DOI: 10.17485/IJST/v16i22.1027

Year: 2023, Volume: 16, Issue: 22, Pages: 1614-1623

Original Article

Statistical Optimization for the Production of Antimicrobial Compounds Produced by Mangrove Endophytic Aspergillus sp.

Nidhi S Trivedi1, Jignasha Thumar2,*

1Department of Microbiology and Biotechnology, School of Sciences, Gujarat University, Ahmedabad, Gujarat, India
2Department of Microbiology, Government Science College, Sector15, Gandhinagar, Gujarat, India

*Corresponding Author
Email: [email protected]

Received Date:02 May 2023, Accepted Date:19 May 2023, Published Date:03 June 2023

Creative Commons License

This work is licensed under a Creative Commons Attribution 4.0 International License.

Abstract

Objectives: The purpose of this study was to investigate the antibacterial properties of an endophytic fungus, Aspergillus sp., isolated from the roots of the Avicennia marina belonging to an unexplored location in Kutch, Gujarat, India. The study aimed to optimize various factors to enhance the production of antimicrobial compounds. Methodology: Antimicrobial activity was performed using the agar-well diffusion method, and the results were compared with the standard antibiotic streptomycin as a positive control and DMSO as a negative control. The classical one-factor-at-a-time (OFT) approach was used to optimize various factors such as temperature, pH, culture media, carbon and nitrogen sources, and solvents to enhance antimicrobial production.
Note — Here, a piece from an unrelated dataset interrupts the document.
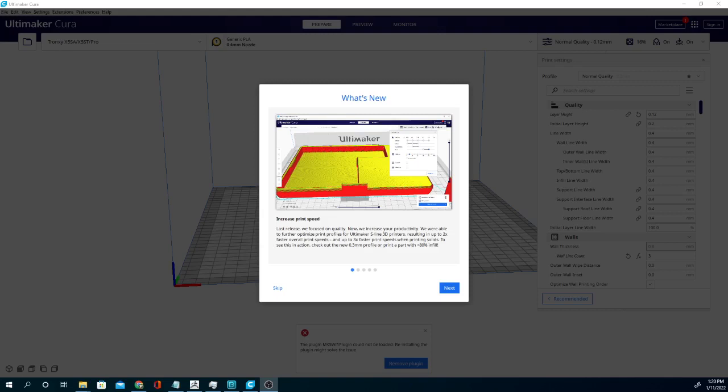Let's go over some of the new things. The increased print speed here mostly applies just to Ultimaker printers. It says the last release they focused on quality and now they're increasing productivity. So they've increased their print speed to make it two to three times faster. These are profiles for the Ultimaker S line 3D printers, so not really going to apply to us since we're not using Ultimaker machines.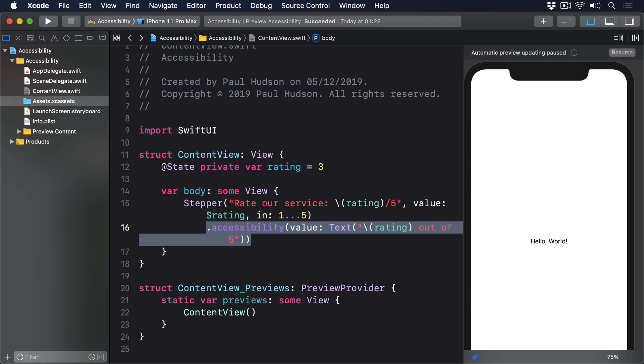Even after Apple fixes this bug, and I'm sure they will, being able to control the precise voiceover readout is really important.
Response Surface Methodology (RSM) was used to statistically optimize the production of antimicrobial compounds. Findings: The investigation revealed that the endophyte exhibited remarkable inhibitory action against sensitive strains of Klebsiella pneumoniae, Escherichia coli, Pseudomonas aeruginosa, Bacillus cereus, and Staphylococcus aureus. The most suitable conditions for the production of antimicrobials were; an inoculum size of 1*105 in potato dextrose medium at a temperature of 25◦C and pH 6, with an incubation period of 12 days. Starch and ammonium chloride acted as the best carbon and nitrogen sources, respectively. The use of RSM resulted in a 1.46-fold increase in the antimicrobial activity against Pseudomonas sp., with an increase in the zone of inhibition from 18.36mm to 26.8mm. Novelty: The study highlights the unique antimicrobial potential of an unexplored endophyte derived from Avicennia marina roots in Kutch, Gujarat, India. RSM played a crucial role in detecting optimum conditions for the production of antimicrobial compounds, resulting in a significant increase in activity. Its application emphasizes the importance of advanced statistical techniques in improving our understanding of complex biological systems.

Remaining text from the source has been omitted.